Scheduler and Job Submission

CINECA HPC clusters are accessed via a dedicated set of login nodes. These nodes are intended for simple tasks such as customizing the user environment by installing applications, transferring data, and performing basic pre- and post-processing of simulation data. Access to the compute nodes is managed by the workload manager. To ensures fair access to resources for all users, production jobs must be submitted using a scheduler.

CINECA uses Slurm (Simple Linux Utility for Resource Management) manager and batch system. Slurm is an open-source, highly scalable job scheduling system with three key functions:

  • Allocating access to resources (compute nodes) to users for a specified duration, allowing them to perform their work.

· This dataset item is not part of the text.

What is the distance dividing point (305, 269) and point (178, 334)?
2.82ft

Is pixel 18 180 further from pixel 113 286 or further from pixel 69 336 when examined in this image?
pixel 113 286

  • Providing a framework for starting, executing, and monitoring work (usually parallel jobs) on the set of allocated nodes.

  • Managing resource contention by handling the queue of pending jobs.

  • There are two main modes of using compute nodes:

Batch Mode: This mode is intended for production runs. Users must prepare a shell script with all the operations to be executed once the requested resources are available. The job will then run on the compute nodes. Store all your data, programs, and scripts in the $WORK or $SCRATCH filesystems, as these are best for compute node access. You must have valid active projects to run batch jobs, and be aware of any specific policies regarding project budgets on our systems.

Interactive Mode: Jobs submitted in this mode are similar to batch mode in that the user must specify the resources to allocate. The job is then managed like any other submitted job. The key difference from batch mode is that once the job is running, the user can interactively execute applications within the limits of the allocated resources. All allocated resources are available for the entire requested walltime (and consequently billed) during the submission process.

Important

  • Interactive mode under SLURM has a different meaning compared to the common understanding of interactive execution of an application under a Linux shell or prompt.

  • Interactive execution of applications is allowed on compute nodes only via SLURM (see the next sections).

  • On login nodes, it is permitted to perform tasks such as data movement, archiving, code development, compilations, basic debugging, and very short test runs, provided these tasks do not exceed 10 minutes of CPU time and are free of charge under the current billing policy.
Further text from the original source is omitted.